Tous les commentaires (48)
Merci pour le test.
C'est un jeu a univers... onirique. C'est pour moi ! :)
Plus la patience de rester bloquer pour rien.
J'avais surkiffé ICO, beaucoup moins Shadow (déjà des problèmes avec la caméra), je suppose vu les tests que celui ci est tout de même indispensable comme expérience à vivre pour gamer qui se respecte.
Jeu culte :p et la note de jvc fait parler mais moi je passe outre surtout qu'il y a 3 testeurs (on aura tout vu) donc une moyenne des 3 ? je ne cherche même pas à comprendre.
J'ai fini le jeu donc je sais de quoi je parle :D je suis l'avis de GK et gameblog.
Il y a pas, les jeux de Ueda sont des jeux à la poésie unique.
Onirik> Ouaip, moi aussi j'avais trouvé Shadow of The Colossus démentiel. J'ai encore en mémoire les émotions et les sensations des affrontements contre les colosses. D'ailleurs on a jamais eut d'équivalent depuis.

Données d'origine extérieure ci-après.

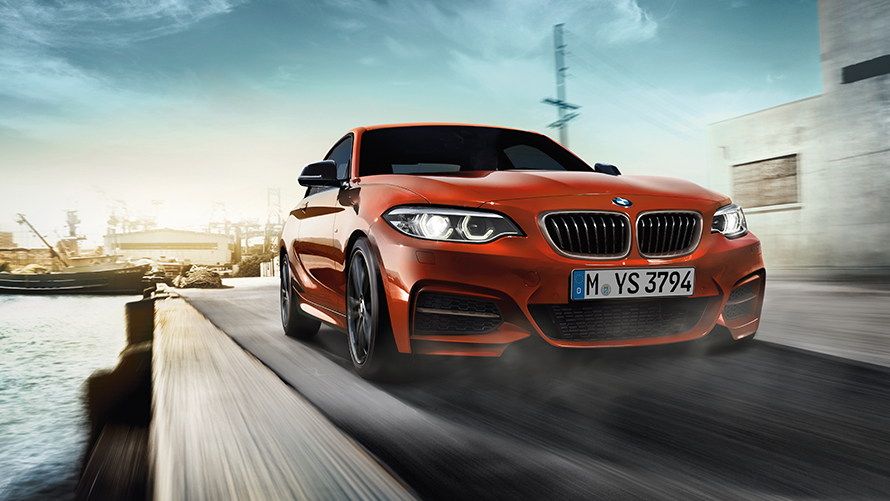 BMW Série 2 Coupé F22 2017 Sunset Orange metallic, vue de trois quarts de profil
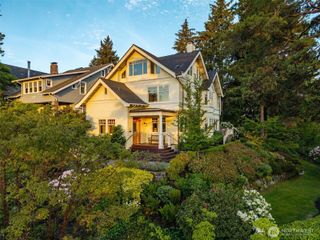233 36th Avenue E, Seattle, WA 98112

Je veux dire qu'en effet, le comportement de Trico n'est pas vraiment scripté. Ce n'est pas un "press X to active" et pouf, elle vient là faire ce qu'elle est censé faire.
C'est plutôt que le jeu doit jongler entre le comportement dynamique ET les actions scriptée. Trico déclenche l'action scripté lorsque les conditions (ordre + placement) sont réunis.
Et parfois, cela ne marche pas parce que Trico n'est pas bien placé à 3-4 mètres près.
Et autant je suis d'accord que le coté "libre" de Trico est essentiel à sa crédibilité, autant il y a là pour moi un vrai problème.
Du point de vue mécanique, tu ne sais parfois pas si cela bloque parce que tu veux que Trico fasse quelque chose qu'il ne peut pas faire (mauvaise solution au puzzle) ou si c'est parce qu'il tarde à obéir et qu'il faut répéter l'ordre jusqu'à ce que ça passe.
Du point de vue émotionnel, tu t'énerves après Trico, ce qui va l'encontre de ce que cherche le jeu.
Cela étant, pour le reste, même constat que toi : une expérience atypique, un monde intriguant et cette relation... Je crois que Trico est, à un niveau purement émotionnel, le personnage le plus attachant que j'ai croisé dans un jeu.
Je le place cependant en deçà des deux autres Ueda.